***** Supplied records *****
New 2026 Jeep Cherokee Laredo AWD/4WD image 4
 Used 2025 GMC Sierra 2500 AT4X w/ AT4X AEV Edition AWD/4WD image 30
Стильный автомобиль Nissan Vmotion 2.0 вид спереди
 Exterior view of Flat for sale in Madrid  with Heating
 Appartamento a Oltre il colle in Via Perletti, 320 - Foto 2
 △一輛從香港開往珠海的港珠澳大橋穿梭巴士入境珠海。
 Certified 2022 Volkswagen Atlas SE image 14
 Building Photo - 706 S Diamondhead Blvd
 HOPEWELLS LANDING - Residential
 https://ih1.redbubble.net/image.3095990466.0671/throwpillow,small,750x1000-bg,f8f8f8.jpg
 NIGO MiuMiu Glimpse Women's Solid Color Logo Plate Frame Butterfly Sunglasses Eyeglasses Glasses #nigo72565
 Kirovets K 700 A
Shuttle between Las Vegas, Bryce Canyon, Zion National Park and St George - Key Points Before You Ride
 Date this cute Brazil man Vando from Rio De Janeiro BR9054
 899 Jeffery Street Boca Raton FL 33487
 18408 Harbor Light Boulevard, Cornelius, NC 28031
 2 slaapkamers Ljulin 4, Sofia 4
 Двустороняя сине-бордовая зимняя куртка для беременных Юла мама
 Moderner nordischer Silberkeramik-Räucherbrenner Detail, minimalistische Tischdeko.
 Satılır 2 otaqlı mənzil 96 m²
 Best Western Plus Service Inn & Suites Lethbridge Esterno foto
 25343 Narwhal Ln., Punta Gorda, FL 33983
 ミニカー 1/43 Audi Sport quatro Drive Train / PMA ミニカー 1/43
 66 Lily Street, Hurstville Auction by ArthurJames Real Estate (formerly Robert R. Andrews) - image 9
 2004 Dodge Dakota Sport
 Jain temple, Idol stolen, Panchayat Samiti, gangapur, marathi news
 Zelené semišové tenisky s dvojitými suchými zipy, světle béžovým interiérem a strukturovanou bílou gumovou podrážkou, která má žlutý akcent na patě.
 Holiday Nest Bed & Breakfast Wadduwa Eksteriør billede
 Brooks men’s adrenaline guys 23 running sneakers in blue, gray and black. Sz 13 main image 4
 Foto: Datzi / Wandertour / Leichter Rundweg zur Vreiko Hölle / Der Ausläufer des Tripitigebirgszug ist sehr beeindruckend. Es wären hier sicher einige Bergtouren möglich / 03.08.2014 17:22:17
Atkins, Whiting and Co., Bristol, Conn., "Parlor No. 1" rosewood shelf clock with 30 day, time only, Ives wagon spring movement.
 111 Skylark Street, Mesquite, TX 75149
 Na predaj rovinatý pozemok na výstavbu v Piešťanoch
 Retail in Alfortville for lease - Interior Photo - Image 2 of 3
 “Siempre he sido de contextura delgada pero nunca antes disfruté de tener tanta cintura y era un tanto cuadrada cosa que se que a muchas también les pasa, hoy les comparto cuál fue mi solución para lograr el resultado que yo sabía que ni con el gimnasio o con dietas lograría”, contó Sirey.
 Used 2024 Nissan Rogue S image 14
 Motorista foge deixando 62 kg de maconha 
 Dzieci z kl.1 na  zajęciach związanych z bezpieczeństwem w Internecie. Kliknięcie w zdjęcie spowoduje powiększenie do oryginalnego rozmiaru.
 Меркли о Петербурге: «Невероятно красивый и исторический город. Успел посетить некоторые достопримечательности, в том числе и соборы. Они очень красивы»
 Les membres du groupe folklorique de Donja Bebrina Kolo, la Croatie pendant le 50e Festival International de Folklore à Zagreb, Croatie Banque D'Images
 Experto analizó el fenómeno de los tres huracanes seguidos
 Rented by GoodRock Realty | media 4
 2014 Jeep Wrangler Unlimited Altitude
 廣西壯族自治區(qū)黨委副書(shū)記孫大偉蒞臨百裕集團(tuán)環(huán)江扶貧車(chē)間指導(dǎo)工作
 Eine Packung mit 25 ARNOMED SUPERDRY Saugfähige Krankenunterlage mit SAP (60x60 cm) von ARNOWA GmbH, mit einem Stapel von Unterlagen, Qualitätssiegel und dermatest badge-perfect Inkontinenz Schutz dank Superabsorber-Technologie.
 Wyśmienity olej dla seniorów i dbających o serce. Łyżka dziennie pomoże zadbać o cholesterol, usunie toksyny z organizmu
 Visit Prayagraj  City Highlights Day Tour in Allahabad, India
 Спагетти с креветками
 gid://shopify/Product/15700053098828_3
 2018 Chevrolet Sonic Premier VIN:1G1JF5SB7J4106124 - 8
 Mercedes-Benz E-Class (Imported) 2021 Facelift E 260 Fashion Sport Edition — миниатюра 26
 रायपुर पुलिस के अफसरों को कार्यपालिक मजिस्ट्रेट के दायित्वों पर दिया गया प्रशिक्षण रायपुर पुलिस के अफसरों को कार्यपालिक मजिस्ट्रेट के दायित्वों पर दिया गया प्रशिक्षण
*****
*Exercise details*
Nothing should be returned except the lines from the first line of the data above through the line with "Двустороняя сине-бордовая зимняя", each one exact.

*Reply*
New 2026 Jeep Cherokee Laredo AWD/4WD image 4
 Used 2025 GMC Sierra 2500 AT4X w/ AT4X AEV Edition AWD/4WD image 30
Стильный автомобиль Nissan Vmotion 2.0 вид спереди
 Exterior view of Flat for sale in Madrid  with Heating
 Appartamento a Oltre il colle in Via Perletti, 320 - Foto 2
 △一輛從香港開往珠海的港珠澳大橋穿梭巴士入境珠海。
 Certified 2022 Volkswagen Atlas SE image 14
 Building Photo - 706 S Diamondhead Blvd
 HOPEWELLS LANDING - Residential
 https://ih1.redbubble.net/image.3095990466.0671/throwpillow,small,750x1000-bg,f8f8f8.jpg
 NIGO MiuMiu Glimpse Women's Solid Color Logo Plate Frame Butterfly Sunglasses Eyeglasses Glasses #nigo72565
 Kirovets K 700 A
Shuttle between Las Vegas, Bryce Canyon, Zion National Park and St George - Key Points Before You Ride
 Date this cute Brazil man Vando from Rio De Janeiro BR9054
 899 Jeffery Street Boca Raton FL 33487
 18408 Harbor Light Boulevard, Cornelius, NC 28031
 2 slaapkamers Ljulin 4, Sofia 4
 Двустороняя сине-бордовая зимняя куртка для беременных Юла мама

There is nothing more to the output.